Dear community, lately i’ve played around with QAT on the PyTorch level. My model was a custom CNN/MLP model for image classification, containing only the following layers:
- Conv2D
- MaxPool2D
- Linear
- Dropout (for training only obv.)
- QuantStub/Dequantstub
Without quantization the performance was around 92%. Using quantization-aware-training (following PyTorch’s guide: https://pytorch.org/tutorials/advanced/static_quantization_tutorial.html#quantization-aware-training) the performance was still on a high level (around 91.6%) in PyTorch. Now following TVM’s guide for deploying a prequantized model (https://tvm.apache.org/docs/tutorials/frontend/deploy_prequantized.html). the measured accuracy on the TVM level (for the whole test-set for my QAT-model) dropped down to 60%. I was training on PyTorch 1.5.1, deploying on x86, quantizing through QNN on the TVM level (which i could see in the Relay IR).

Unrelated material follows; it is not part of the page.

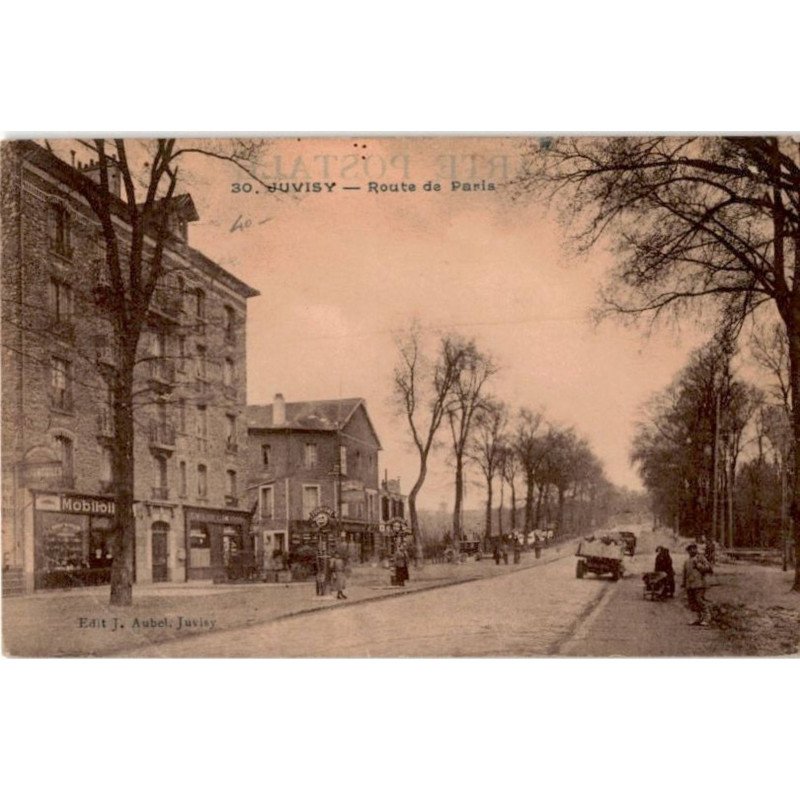 JUVISY: route de paris - état
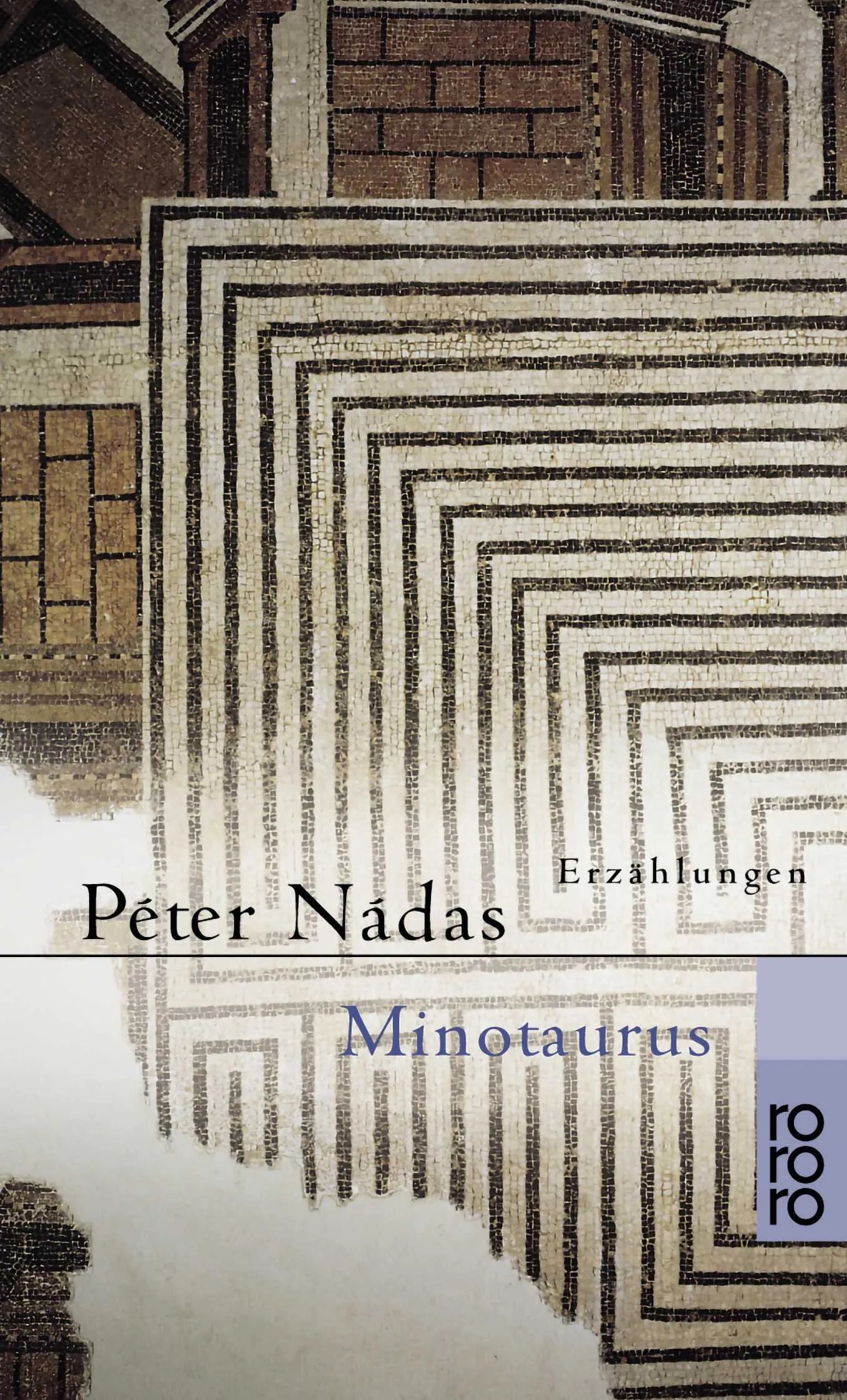 Buchcover von 'Minotauros' - Taschenbuch von Péter Nádas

Any suggestions how this could happen?
Trying to dive further into the accuracy drop off i observed a strange behaviour for TVM’s accuracy:
In the first column you see the amount of epochs that i trained the model. The next two columns represent the measured accuracy of the QAT-trained model on the PyTorch and TVM level. The last column represents the %-delta between the two accuracy values. Apparently the accuracy on the TVM level decreases the longer i train my model (while accuracy on the PyTorch level obviously increases). Another interesting thing i observed was the accuracy differences when freezing quantization parameters earlier in the training process: the earlier i freeze the quantization parameters, the higher the accuracy is in TVM (freezing after 1 epoch: 77% accuracy, freezing after 8 epochs (from 20): 60%).
Im sorry if i missed any necessary information, its my first blog post on this forum! I will happily add any requested information or even scripts to reproduce.
Do you have any idea how…
- The drop-off from around 90% (in PyTorch) to 60% (in TVM) can be explained?
- The decreasing TVM accuracy together with the later freezing of the quantization parameters can be explained?
Best regards, Knight3